Apart from the images, repeat the data below exactly as written.
====
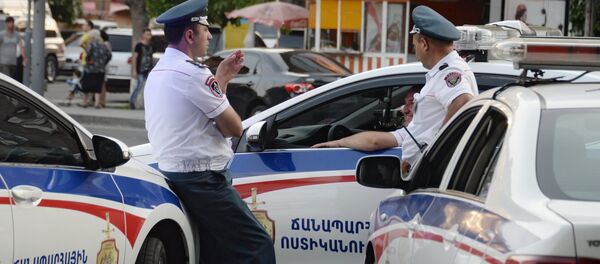 Сотрудники правоохранительных органов в Ереване - Sputnik Армения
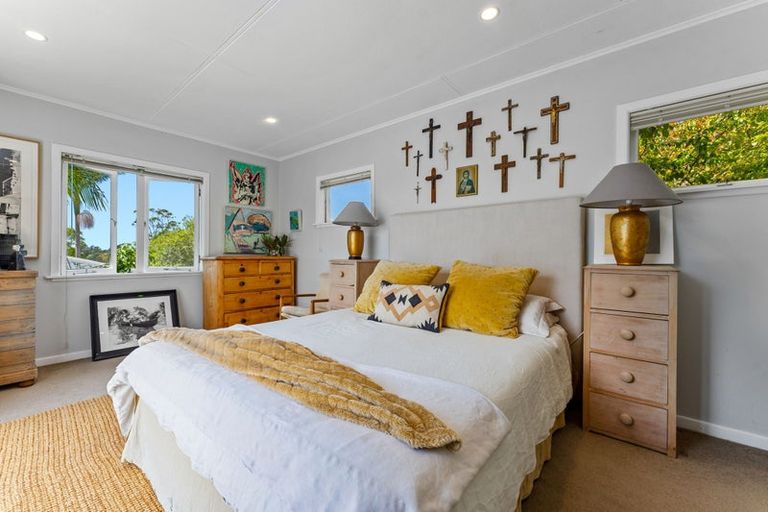 Photo of property in 1/73 Birkdale Road, Birkdale, Auckland, 0626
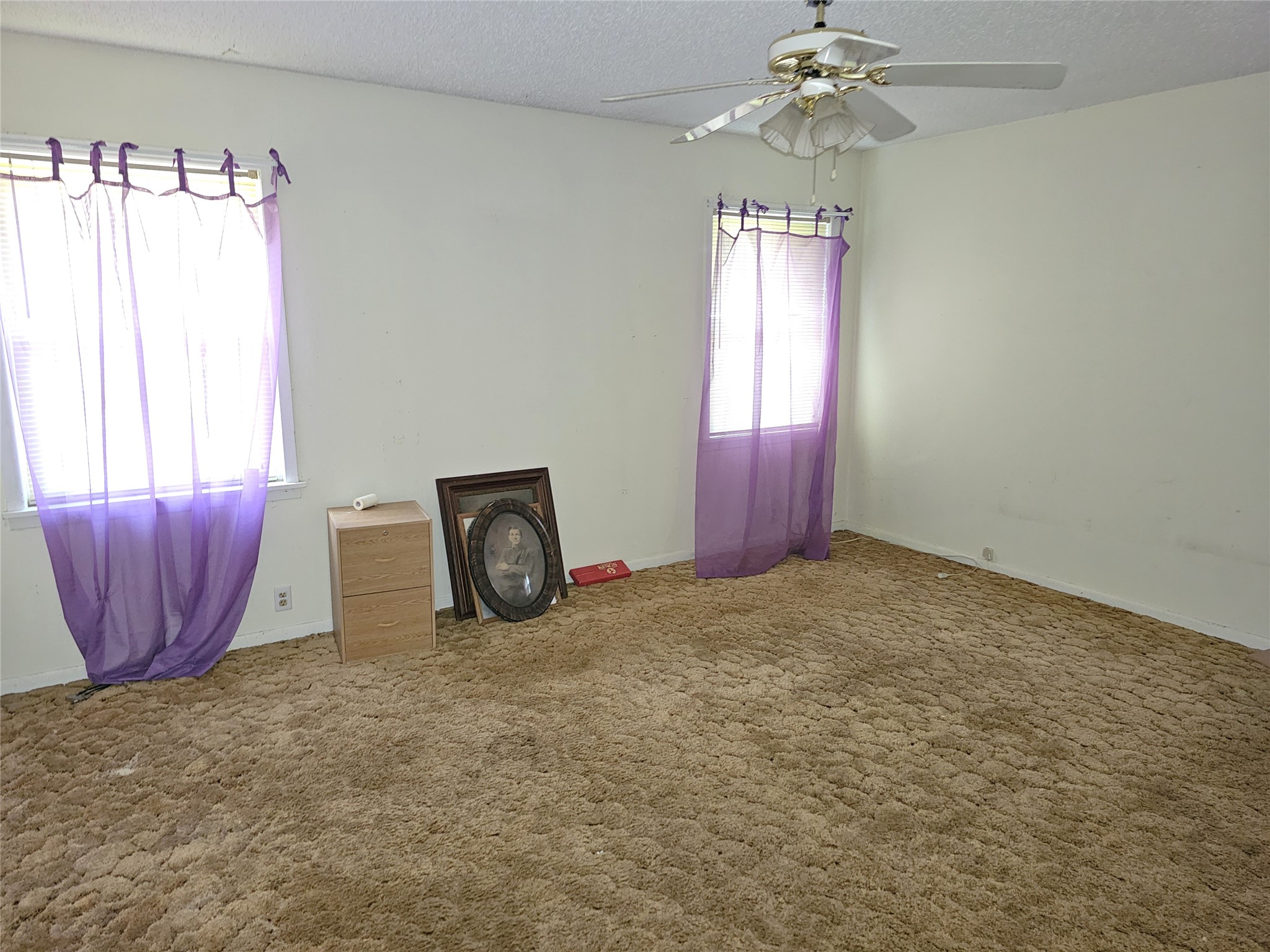 216 Westwood Road Palestine, TX 75803 - Photo 12 of 23 a view of an empty room and window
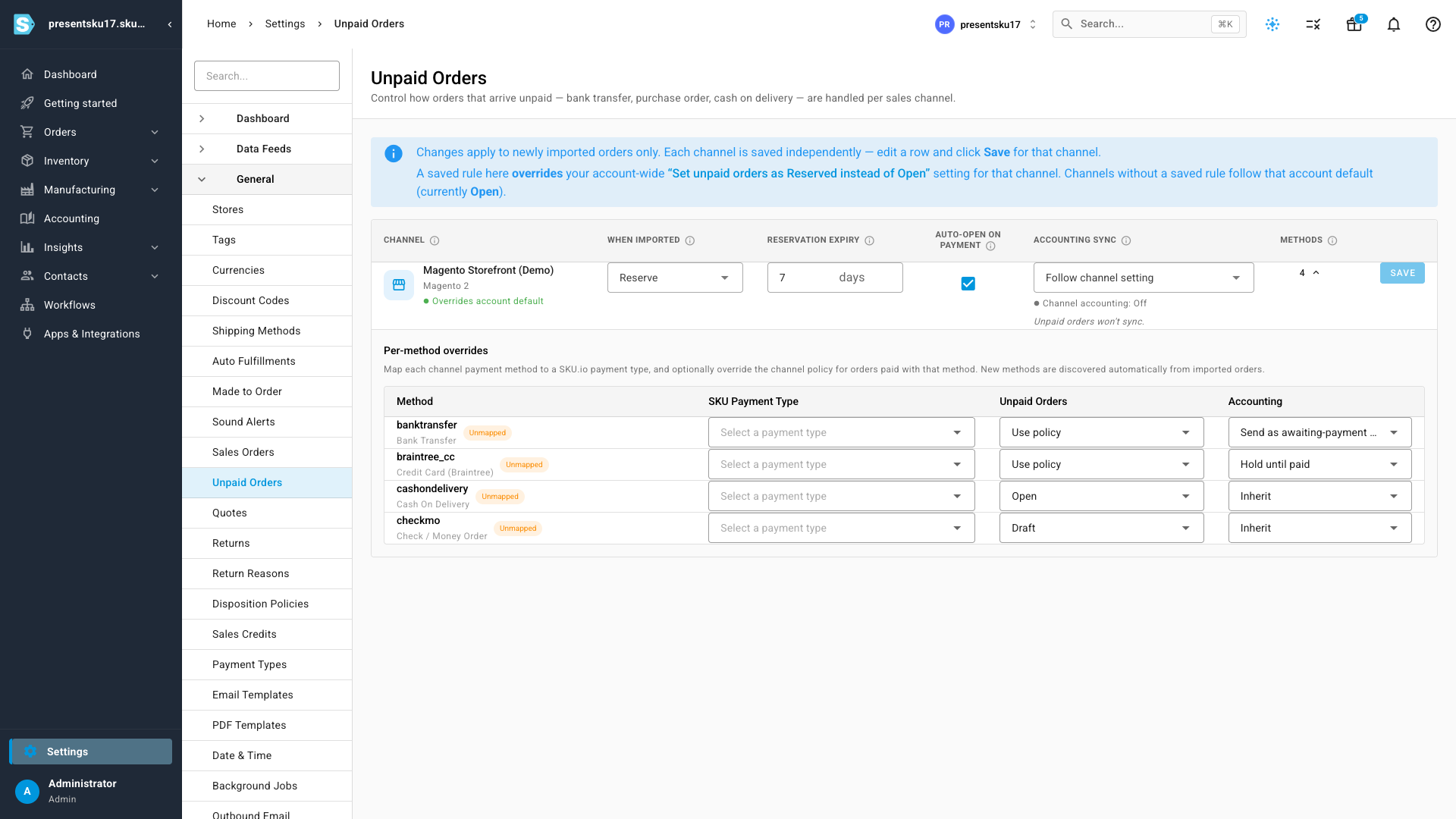 The per-method overrides panel — each payment method (bank transfer, cash on delivery, credit card, check) mapped to how its unpaid orders are handled and synced to accounting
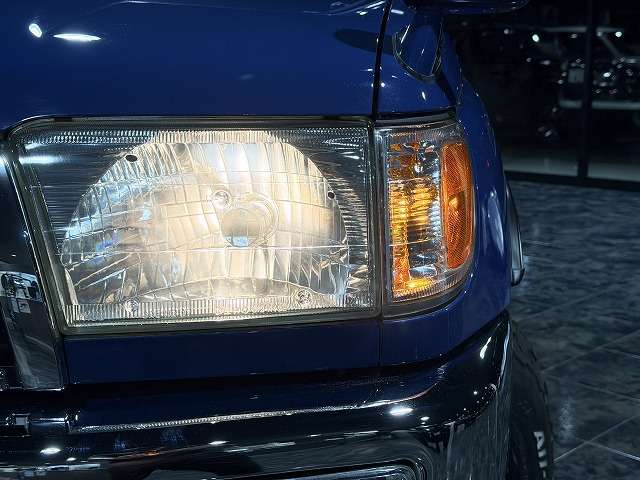 トヨタ ハイラックスサーフ ２．７ ＳＳＲ－Ｘ ４ＷＤ H11年 (近畿) 99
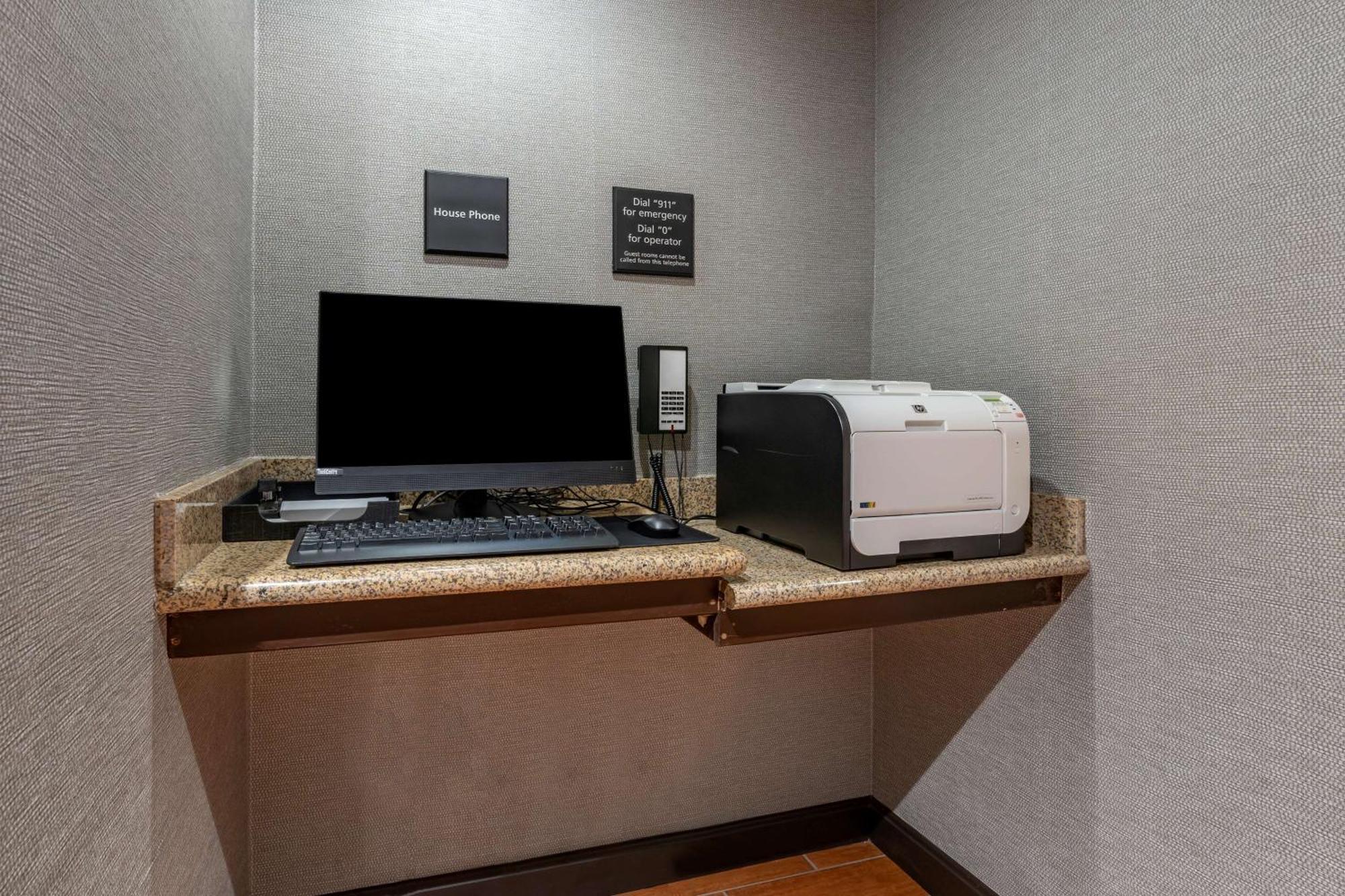 Hampton Inn & Suites Louisville East Kültér fotó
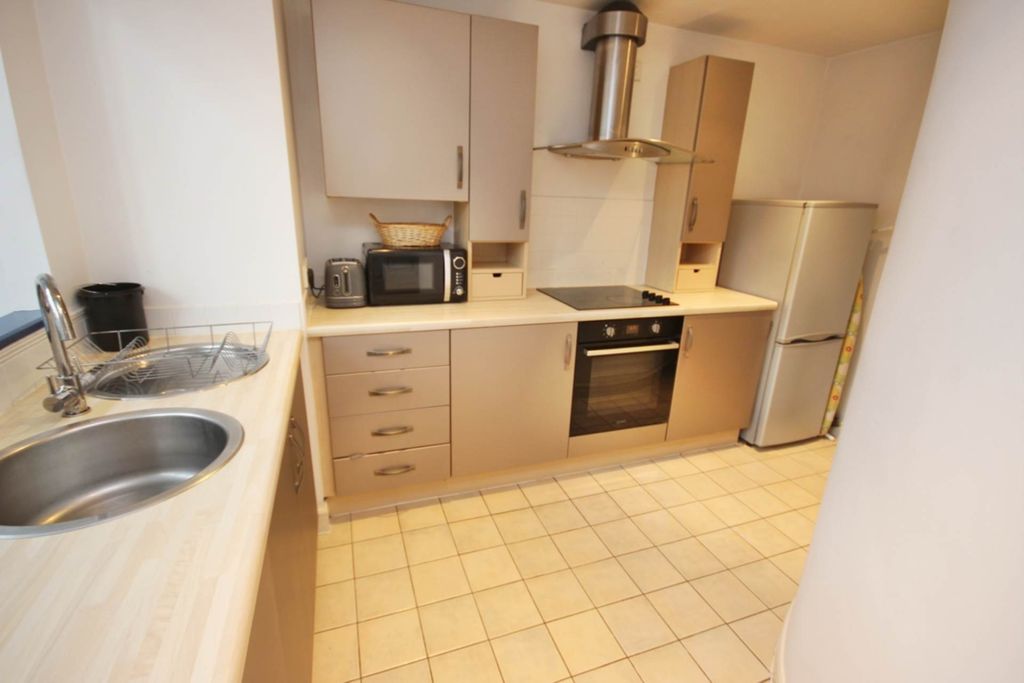Property photo 3 of 13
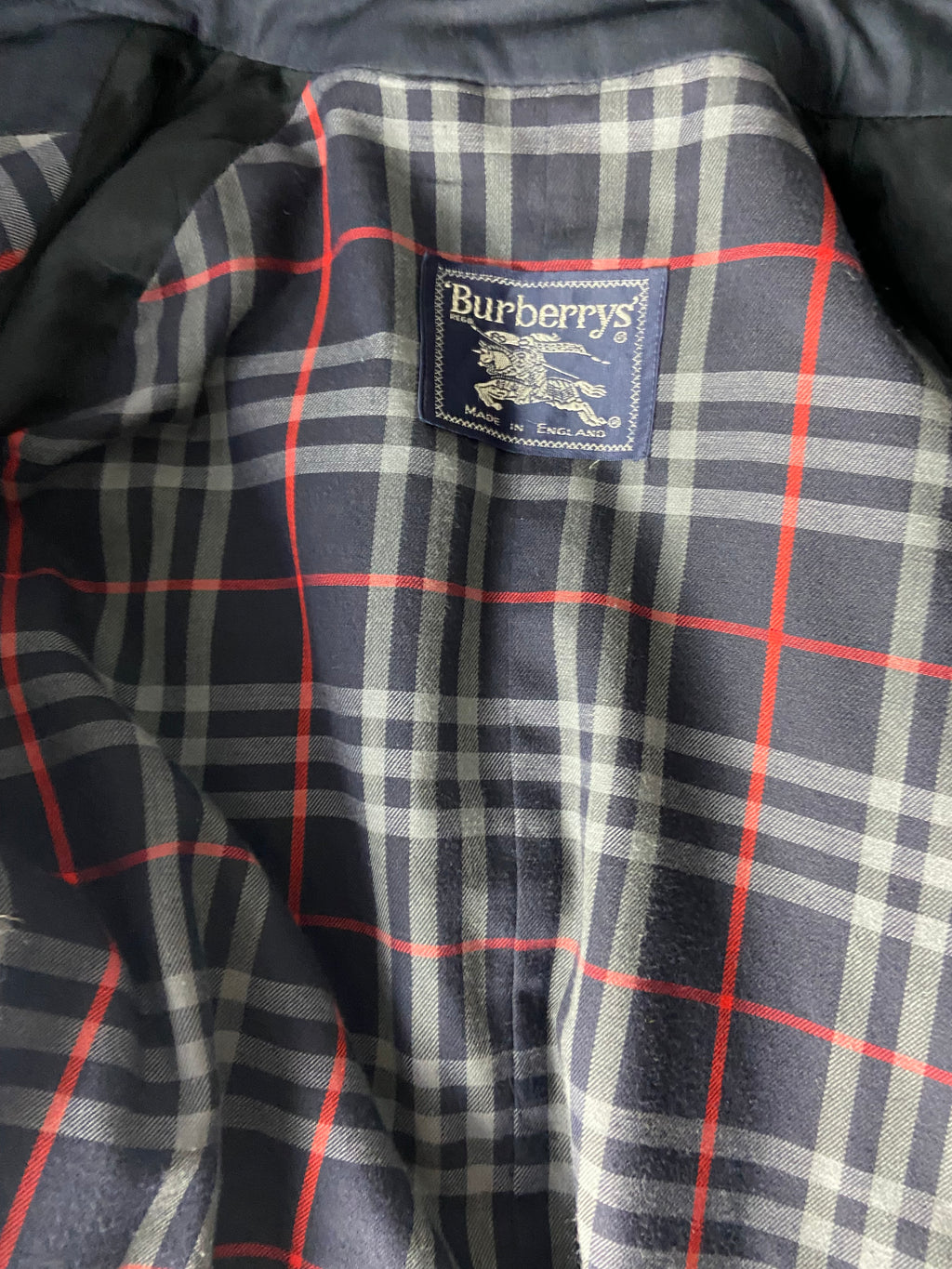 Burberrys Trenchcoat (10/S)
====
§ **Response area**:
 Сотрудники правоохранительных органов в Ереване - Sputnik Армения
 Photo of property in 1/73 Birkdale Road, Birkdale, Auckland, 0626
 216 Westwood Road Palestine, TX 75803 - Photo 12 of 23 a view of an empty room and window
 The per-method overrides panel — each payment method (bank transfer, cash on delivery, credit card, check) mapped to how its unpaid orders are handled and synced to accounting
 トヨタ ハイラックスサーフ ２．７ ＳＳＲ－Ｘ ４ＷＤ H11年 (近畿) 99
 Hampton Inn & Suites Louisville East Kültér fotó
Property photo 3 of 13
 Burberrys Trenchcoat (10/S)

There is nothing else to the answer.